Of course there is no legal recourse for that. But that isn't even what happened here. Assange, who is NOT A U.S. citizen, received U.S. material and published said material while outside of the U.S. If he hacked a computer while in Sweden that was at Langley then you have a case. He didn't do that. What we have is globalist-communist over reach by the hegemonic U.S. government. As a U.S. citizen I find that disturbing.
I don't know that we had any authority in terms of law enforcement. We did what we did with our military. We did have legal authority to get al-Alawki as a U.S. citizen while in Yemen but then we just droned him and a few weeks later his 15 year old U.S. citizen son. Proud are you middleview?

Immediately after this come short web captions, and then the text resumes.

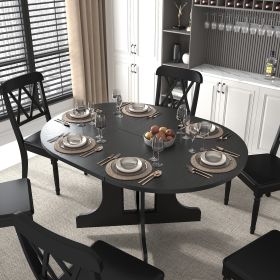 Dining Table for Farmhouse Kitchen 59x43 Inch Expandable Oval Table Top with Removable Leaf Trestle X Shaped Base Black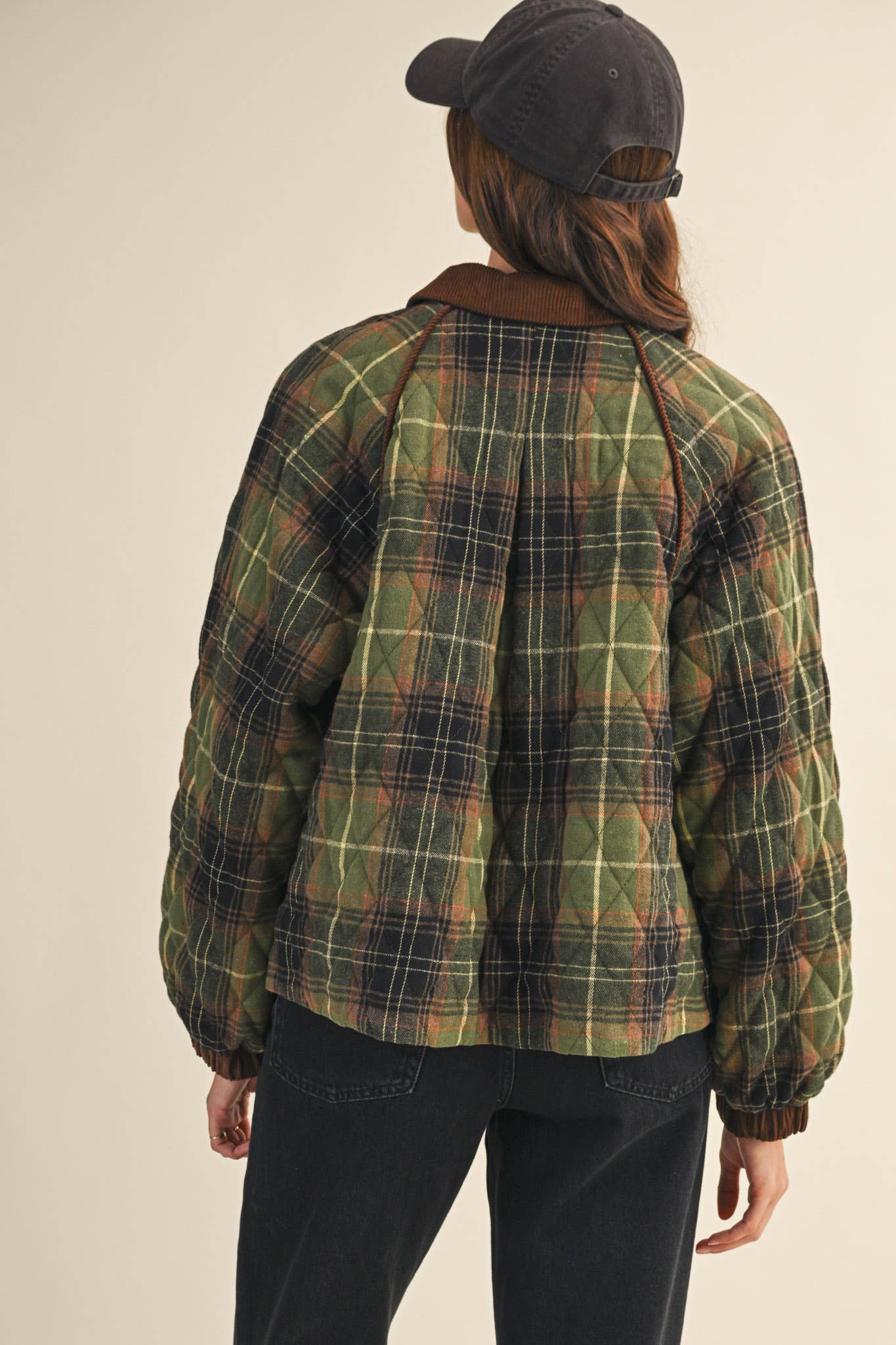 PLAID QUILTED JACKET WITH CONTRAST CORDUROY DETAIL MJK4115
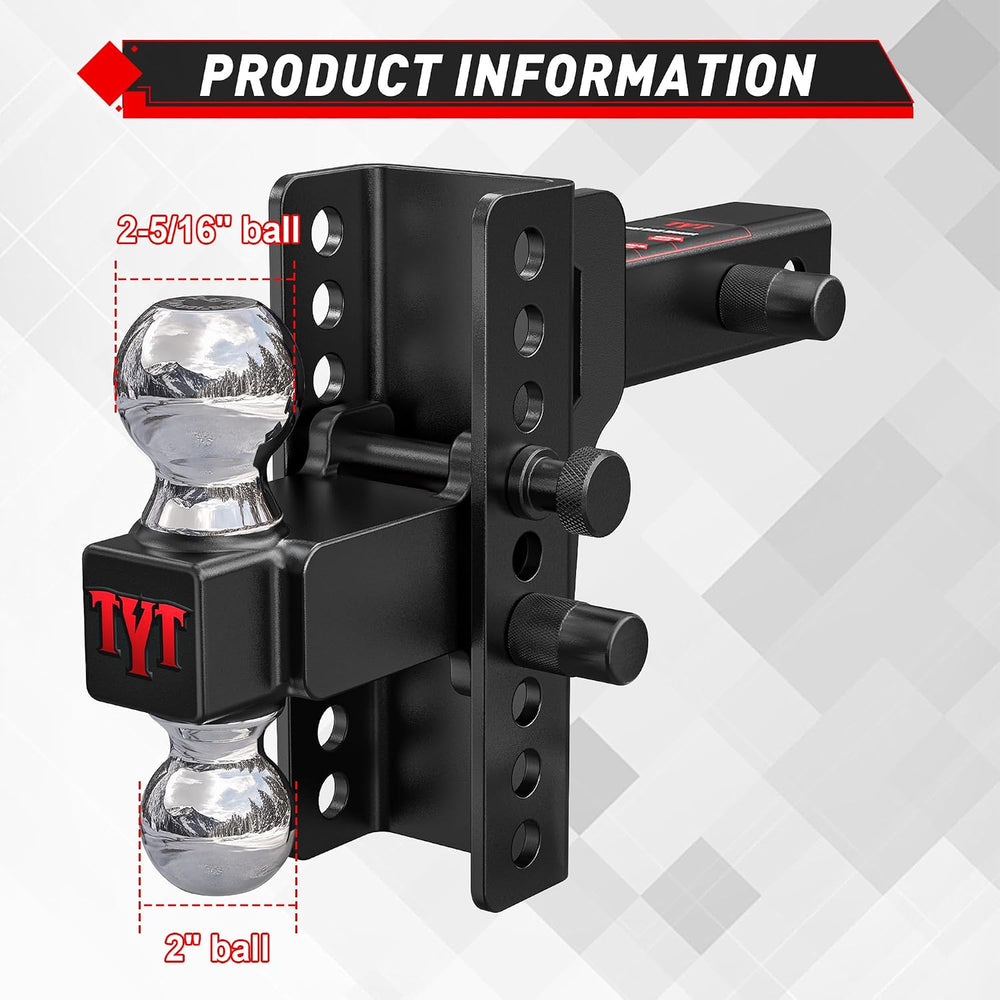 TYT Adjustable Truck Trailer Hitch for 2.5" Receiver, 6" Drop/Rise ...
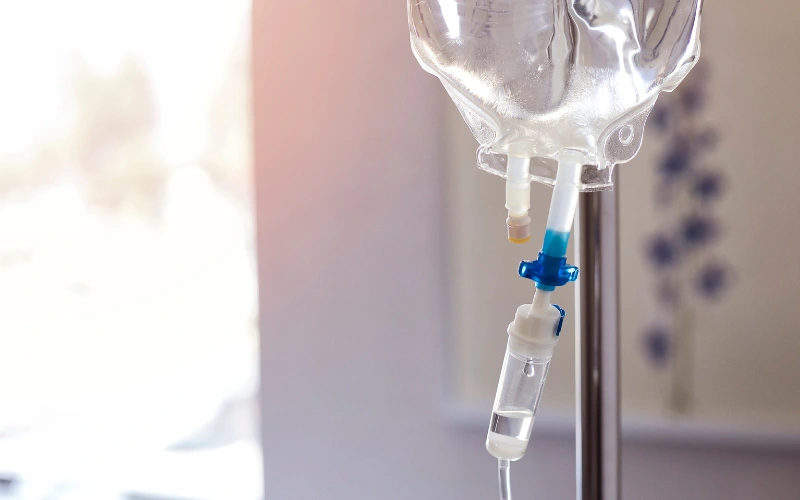 IV hydration therapy bag.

1. The Assange case will be tried in a US civil court. They will certainly have to prove that his involvement in the theft of those documents was only as the recipient of them. If he conspired with the source to help him extract those documents, therefore making him complicit in the crime...than what say you, counselor?
2. It was the CIA that conducted the strike...not the military. Yes, we droned Awalaki...because he'd participated in a crime attempting to murder the passengers of a plane bound for the US. He was in an area of the world without a functioning legal system. We had no reasonable means of taking him into custody. His son was killed because he was in an SUV with a bunch of Al Qaeda fighters. He should have taken public transportation.
There have been several accounts of Abdulrahman al-Awlaki's death. One is that he was having dinner at some restaurant, another is that he was in an SUV...all say he was with Samir Kahn and five other Al Qaeda fighters.